Domingo, 07 de Junho de 2026
Por Redação Rádio Pampa | 7 de junho de 2026
Mais de 1/3 dos professores avaliados pelo Ministério da Educação (MEC) não tem condições de dar aulas, segundo os resultados da Prova Nacional Docente, divulgados recentemente. A primeira edição da prova, conhecida como Enem dos Professores, teve a adesão de 1.508 municípios e 22 redes estaduais de ensino. O exame mostrou que a maior falha na formação docente se dá em Matemática, área em que mais da metade dos avaliados não alcançou o nível básico estabelecido pelo governo federal. Entre 760 mil participantes, 266 mil ficaram abaixo do patamar mínimo de proficiência. Uma tragédia, a ponto de o diretor-executivo da organização Todos Pela Educação, Olavo Nogueira Filho, assim resumir o quadro: a formação inicial dos professores brasileiros está na UTI.

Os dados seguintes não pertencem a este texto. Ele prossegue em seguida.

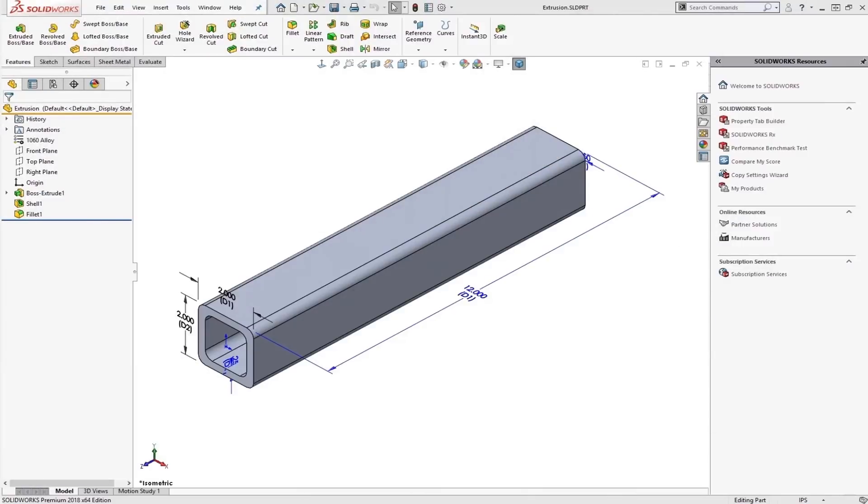Hello, my name is Chris Joran. I'm an application engineer with Trimac out of the Knoxville, Tennessee office. And today we're going to be looking at a tool that everyone has. It's included in every seat of SolidWorks, and it's called DriveWorks Express.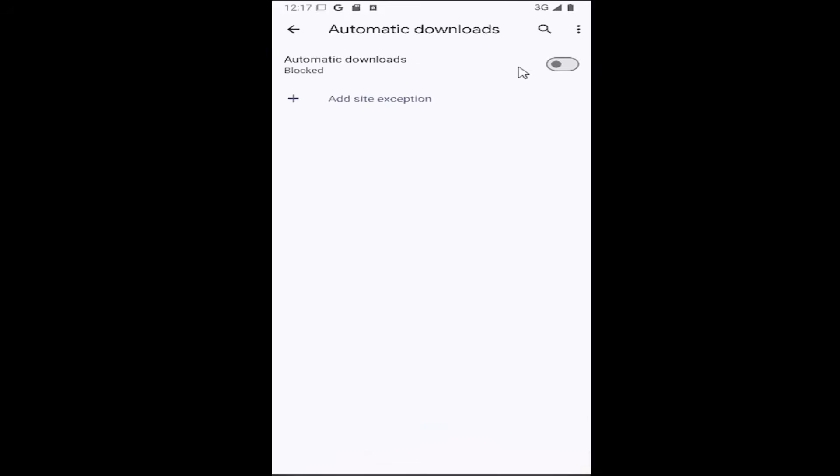So if you want to allow automatic downloads, you can click inside the oval to turn it on and it will ask first.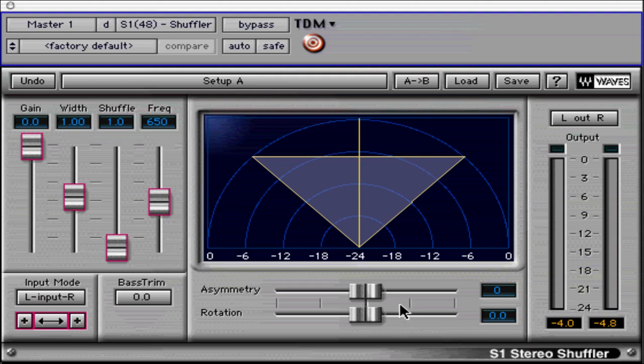The S1 Stereo Imager can be thought of as a stereo processing toolkit for use in mastering and multitrack recording sessions. It can be used to correct faults in a stereo recording or to enhance the stereo field of a mix. Waves provides an intuitive graphic interface for S1, making it easy to dive in for the first time without the manual in hand. In addition to this tutorial, you should definitely read the manual or user guide included with this plugin to gain further understanding of its processing potential.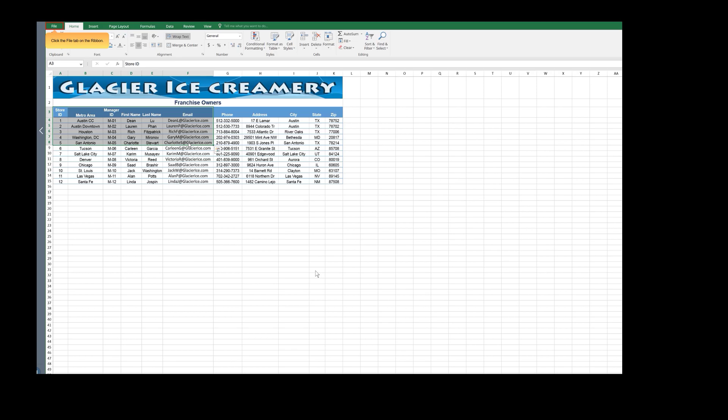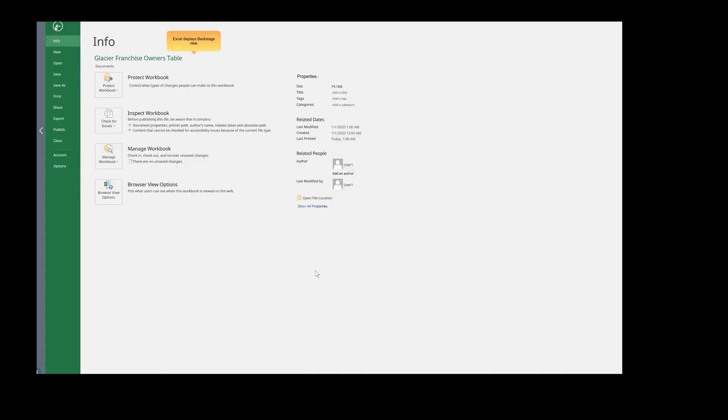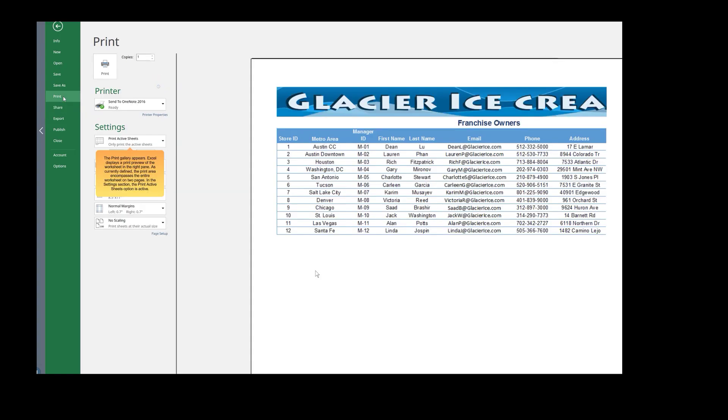Click the File tab on the ribbon. Excel displays Backstage view. Click the Print command. The Print Gallery appears. Excel displays a print preview of the worksheet in the right pane.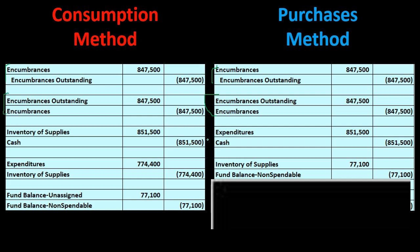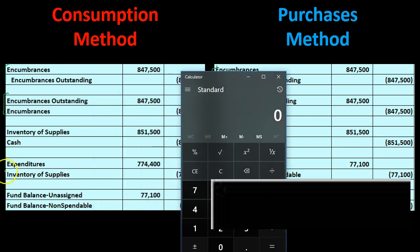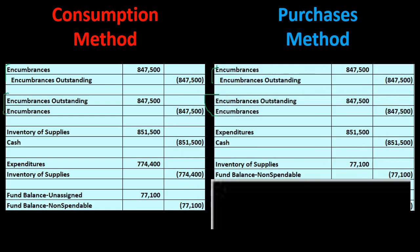This is the key income statement difference: the consumption method is closer to accrual basis, while the purchases method is closer to cash basis. Next, we conduct a physical count of the inventory. Subtracting 774,400 from 851,500 gives a physical count of 77,100. Under the consumption method's periodic approach, we write down inventory to the physical count amount — writing it down by 774,400 — and the difference goes to expenditure, recording the expense at the amount consumed rather than the amount paid.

Antes fosse hipérbole retórica. Um país onde tantos profissionais responsáveis por alfabetizar, ensinar Matemática e formar leitores não dominam o conteúdo essencial de sua própria atividade compromete o futuro de gerações. O problema não começa no professor que foi mal na prova, e sim nas licenciaturas frágeis, nos cursos de baixa qualidade, na expansão desordenada da educação a distância (EAD) e na tolerância oficial com instituições que diplomam sem formar.
Que a cobrança do domínio de conteúdo de quem vai ensinar não soe como elitismo ou desprezo pela realidade socioeconômica dos nossos professores. Trata-se do mínimo. Nenhuma política educacional séria pode se sustentar sobre a fantasia de que basta boa vontade para ensinar. Professor precisa conhecer o que ensina, saber como ensinar e dispor de condições para exercer sua profissão. Valorizar o professor é levá-lo a sério. Isso significa exigir formação rigorosa, selecionar melhor, remunerar adequadamente e criar carreiras capazes de atrair bons profissionais.
Durante décadas, o Brasil preferiu fugir dessa verdade elementar. Multiplicou planos, metas e conferências, mas conviveu com vícios de origem que levam o País a formar mal justamente aqueles de quem depende a melhora da escola pública. O resultado está nas salas de aula, no desempenho insuficiente dos estudantes, na desigualdade que se perpetua e, agora, nos números da Prova Nacional Docente. Assim se fecha um ciclo perverso: a escola básica deficiente alimenta licenciaturas frágeis.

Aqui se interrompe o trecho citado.